D’où l’importance de la visite du Président Macron, au lendemain même de la catastrophe. Les petits pays ne peuvent survivre sans la protection des grands et sans leur bienveillance. La présence du président Macron à Beyrouth a signifié aux Libanais qu’ils n’étaient pas seuls et que la France restait leur amie. C’est énorme. Et c’est normal. Connaissez-vous un peuple qui ait autant la passion de la langue et de la culture française ? Ont suivi dans la foulée l’annonce d’aides françaises, puis européennes et enfin celles mises en œuvre par cette conférence internationale.
Beaucoup de pays tentent (sans bienveillance) de s’immiscer dans la politique libanaise et de peser sur l’avenir du pays.

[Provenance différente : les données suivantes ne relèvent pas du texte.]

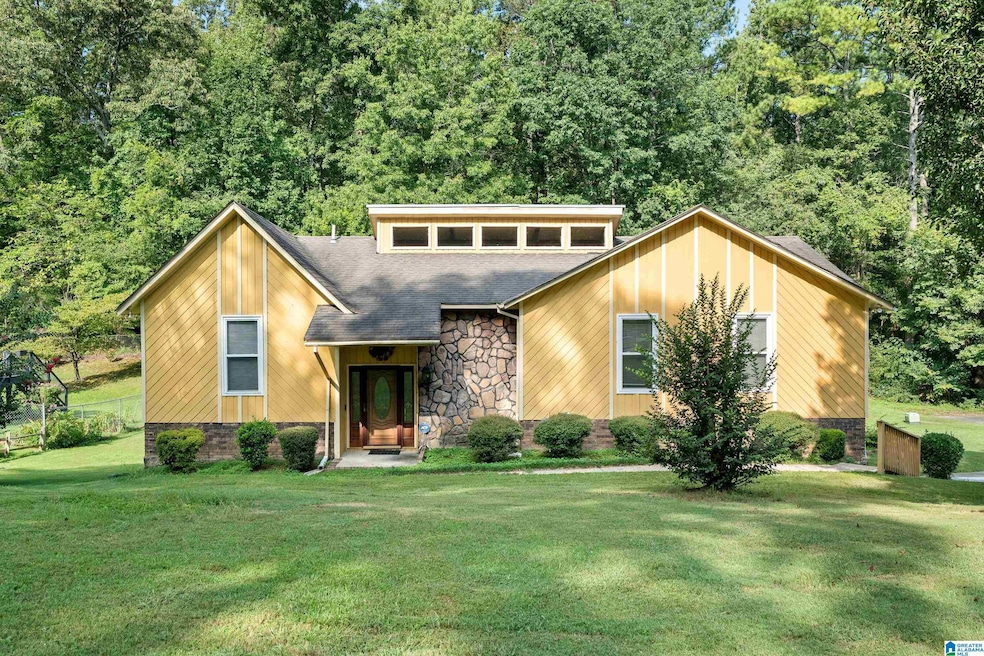 9816 Westfield Rd, Birmingham, AL 35217 - photo 1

La France s’est rapprochée du Liban dans le malheur sans aucune idée d’ingérence (il me semble d’ailleurs qu’après l’intervention américaine en Irak, ou l’intervention franco-britannique en Libye, nous devons nous méfier de ce concept qui amène souvent le mal au nom du bien). Ce fut un mouvement du cœur. Le président français a apporté aux Libanais l’amitié de nos compatriotes, notre solidarité active – au moment où je vous réponds, le porte-hélicoptère Tonnerre est en route pour Beyrouth – et il a rappelé l’importance de quelques vertus essentielles dans le développement d’une démocratie. Ne soyons pas naïfs. Le Liban est une démocratie bien imparfaite, mais gardons-nous de donner des leçons, et dans le paysage du Moyen-Orient, le Liban reste un pays singulier, unique, et prisé par tous ceux qui aiment la liberté. J’espère que le président Michal Aoun, qui a incarné cette liberté libanaise et la volonté populaire de s’émanciper des pouvoirs féodaux, même s’il n’a pas de prérogatives constitutionnelles fortes, saura rapidement retrouver l’usage de sa parole.

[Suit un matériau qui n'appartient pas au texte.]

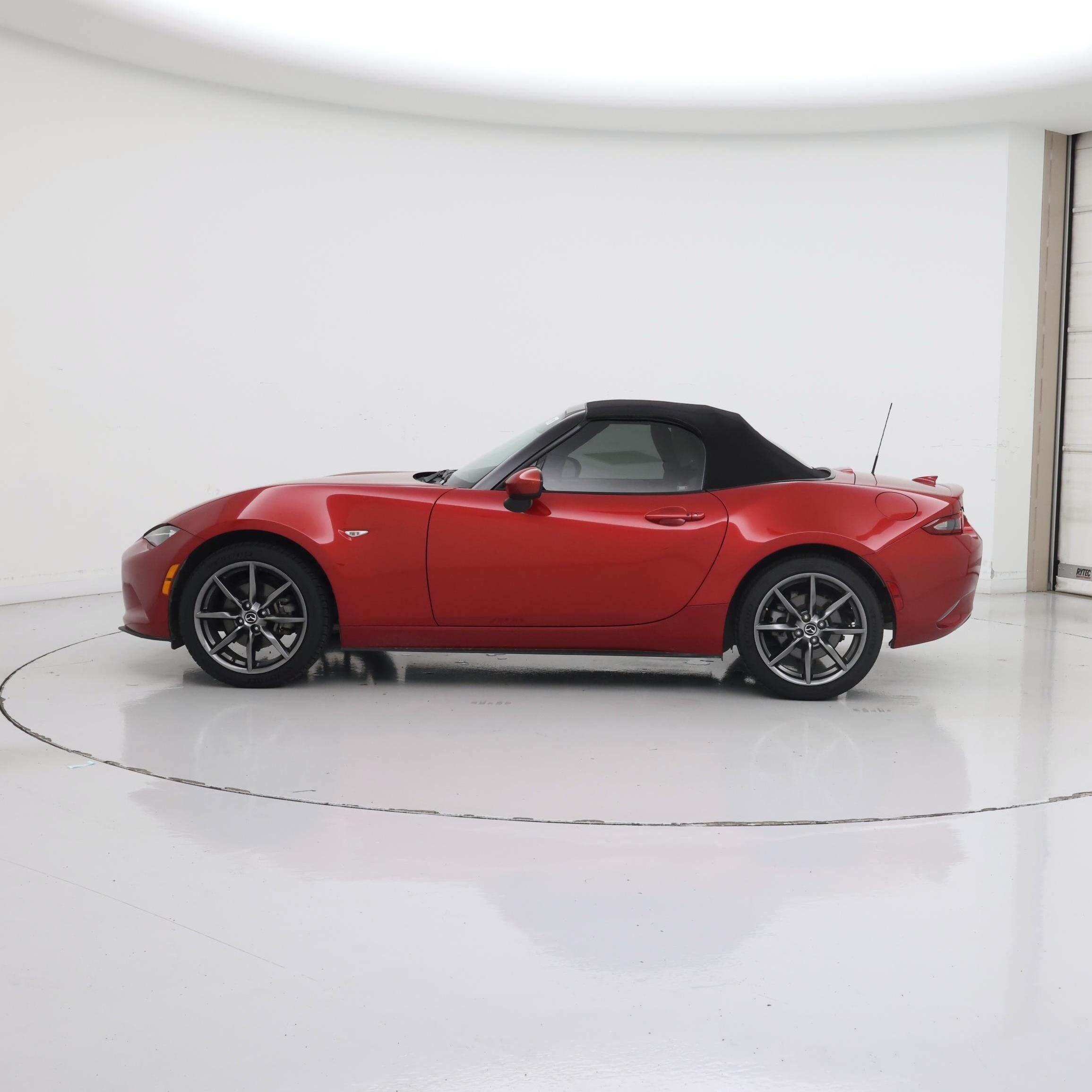 Thumbnail: 2017 Mazda MX-5 Miata - 3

Comment évoluent les équilibres confessionnels du pays ? Quelle peut-être l’évolution constitutionnelle du Liban ?
Les équilibres confessionnels dépendent aussi de la démographie. C’est aux Libanais de décider de leur avenir et d’éventuelles réformes de leurs institutions. Je voudrais simplement rappeler qu’il est vital pour les Libanais, chiites, sunnites, grec orthodoxes, maronites ou athées, pour tous ses pays voisins, et pour nous Européens, que la vie chrétienne ne disparaisse pas de ce pays. Tout l’Orient a été frappé par un exode massif de Chrétiens, après les exactions de l’État islamique en Irak, à Mossoul, l’ancienne Ninive, à Karakosch ou en Syrie. Les Chrétiens sont là chez eux depuis deux mille ans. Et il y a maintenant longtemps qu’ils sont à la peine. Les Chrétiens d’Orient, souvent menacés, souvent sur le qui-vive, habiles à traverser les épreuves, portant avec la mélancolie de ceux qui savent une part de la mémoire et de la sagesse du monde. Ils ont souvent créé chez eux les conditions d’un dialogue spirituel avec l’Islam, et inventé une diplomatie de coexistence au quotidien. La croix jette sur toutes les cités d’Orient une ombre qui favorise la démocratie et des réconciliations que l’on penserait impossibles. C’est aussi pour cela que nous avons besoin d’un Liban libre.